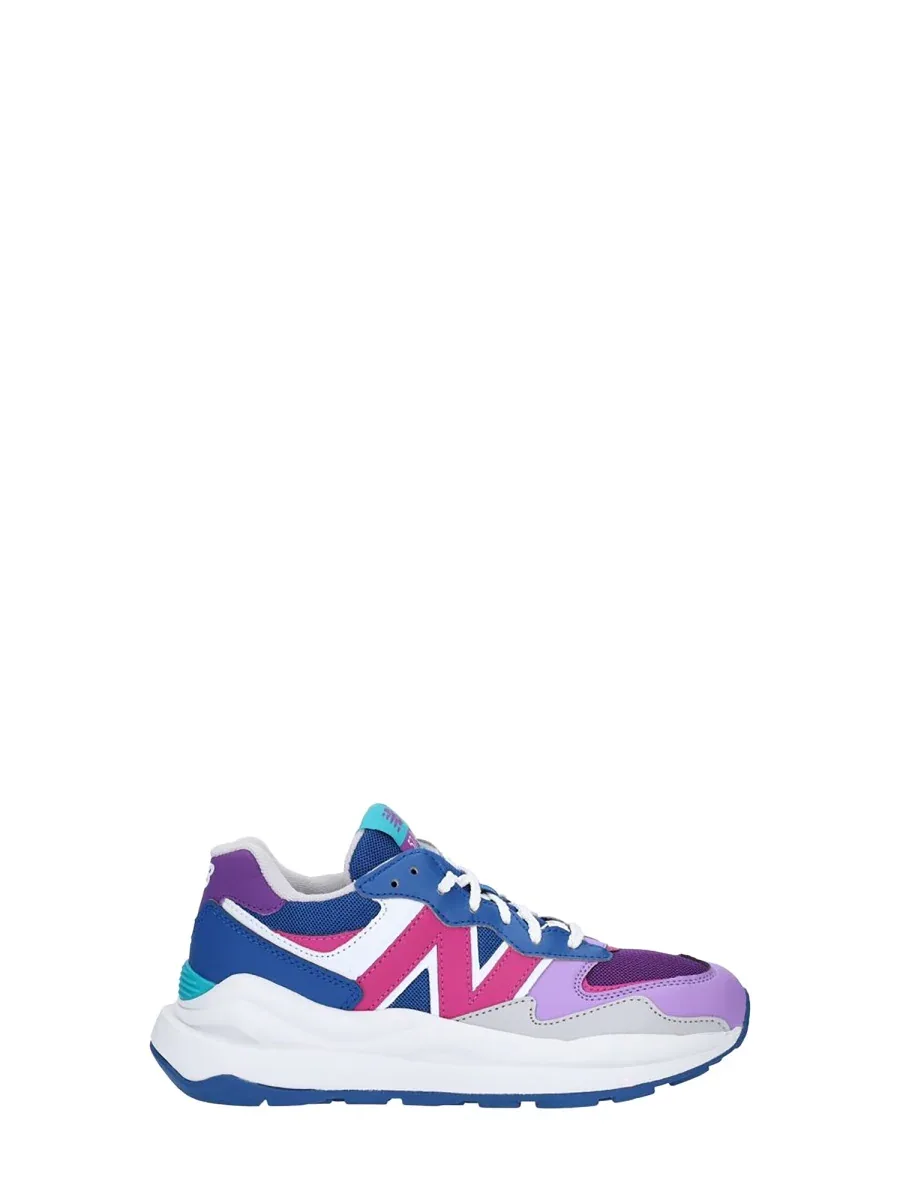 Logo Multicolor Synthetic Leather Sneaker by New Balance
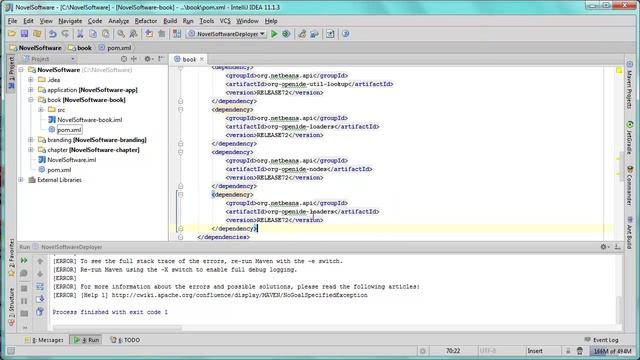 NetBeans Project API on Maven in IntelliJ IDEA смотреть онлайн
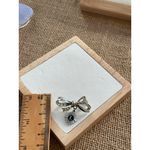 Vintage Rhinestone Lions Club International Bow Brooch Pin Silver Photo 2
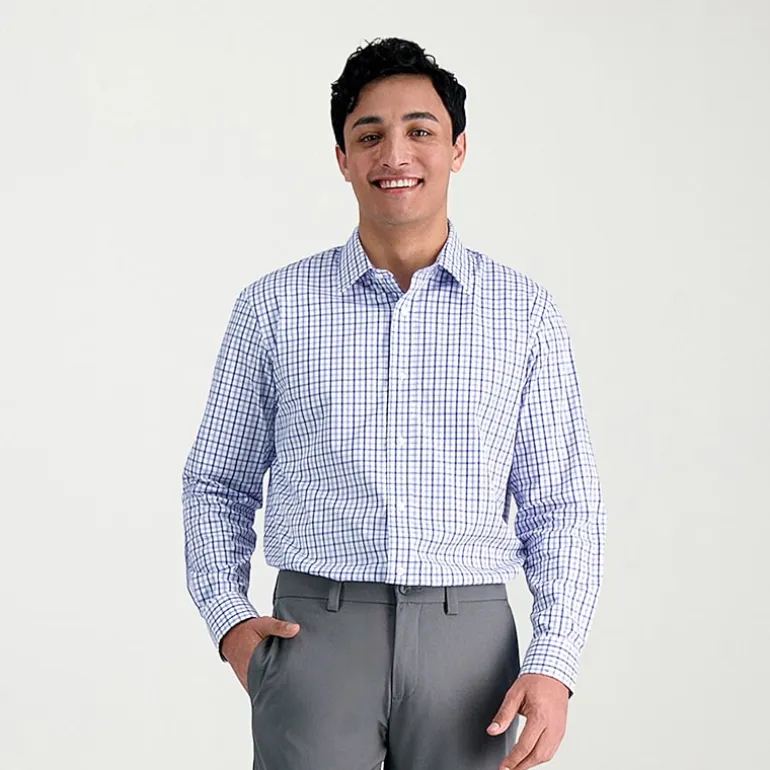 Haggar Premium Comfort Mens Classic Fit Easy Care Long Sleeve Dress Shirt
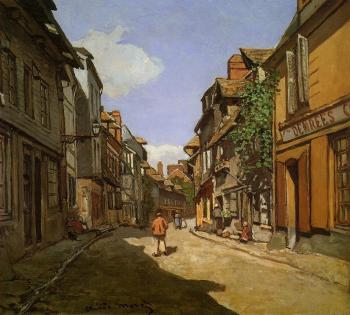 Claude Oscar Monet : Le Rue de La Bavolle at Honfleur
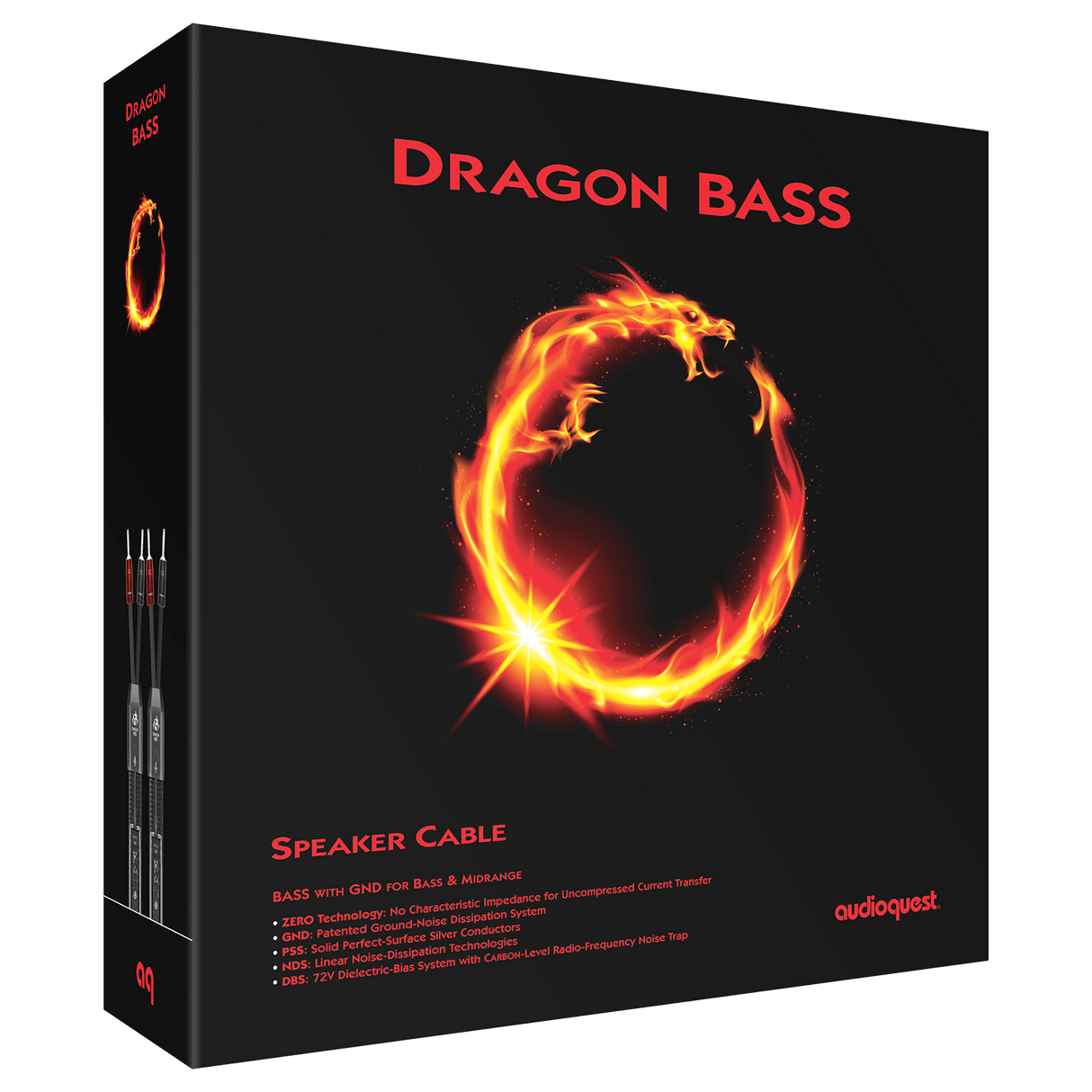 AudioQuest Dragon BASS - DRAGONBASS8PR-USUS 8 ft = 2.4 m Pair 2 x U-Spades > 2 x U-Spades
-------------------------
What you will do:
Transcribe the data verbatim. No picture belongs in the result.

Answer space:
 Logo Multicolor Synthetic Leather Sneaker by New Balance
 NetBeans Project API on Maven in IntelliJ IDEA смотреть онлайн
 Vintage Rhinestone Lions Club International Bow Brooch Pin Silver Photo 2
 Haggar Premium Comfort Mens Classic Fit Easy Care Long Sleeve Dress Shirt
 Claude Oscar Monet : Le Rue de La Bavolle at Honfleur
 AudioQuest Dragon BASS - DRAGONBASS8PR-USUS 8 ft = 2.4 m Pair 2 x U-Spades > 2 x U-Spades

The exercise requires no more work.